Her türlü fiziksel engeller aşılır. Ama kara kalplerdeki kötü emeller ve beyinlerdeki tehlikeli düşünce engellerini aşmak çok zordur.
Mevlana mezarından kalkıp gelse tüm demokrasi ve insan hakları aktivistleri gelse bu engeller aşılır mi? Bilmem!
Bu engelleri aşmak için topyekûn emperyalizme, faşizme ve her türlü mandacılığa, Sevr benzeri tuzaklara savaş açmalıyız.
Bu savaş; eğitimle, öğretimle, sevgiyle, hoşgörüyle ve demokratik laik Türkiye Cumhuriyeti'nin fabrika ayarlarına dönüşü ile, ancak ve ancak bu değerlere sıkı sıkıya bağlı kalarak mümkündür.
Yaratılanı yaratandan ötürü severiz. Komşusu açken tok yatan, bizden değildir. İyiler iyidir.

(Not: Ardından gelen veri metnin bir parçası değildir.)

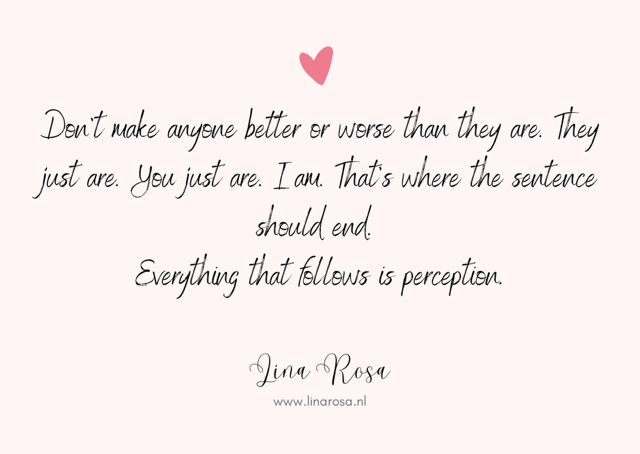 A pale pink background features a small red heart and inspirational text by Line Rose about perception.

Dini, dili, mezhebi, meşrebi ne olursa olsun insan olmaktan geçiyor bütün çözümler...
İnsan olmadıktan, insani duyguları harekete gecirmedikten sonra, hayvani ve vahşi duygulara teslim olmak vahşi kapitalizme hizmet etmektir. "Yaşını büyütüp asılan" ERDAL EREN' e selam olsun .Erdal Eren gibileri asan zihniyetler KAHROLSUN.
SEVGİ, HOŞGÖRÜ, İNSANCA YAŞAMAK varken bu savaşlar bu katliamlar acılar NEDEN!
Barışın sevginin hakim olduğu güzel günlere göreceğiz ÇOCUKLAR.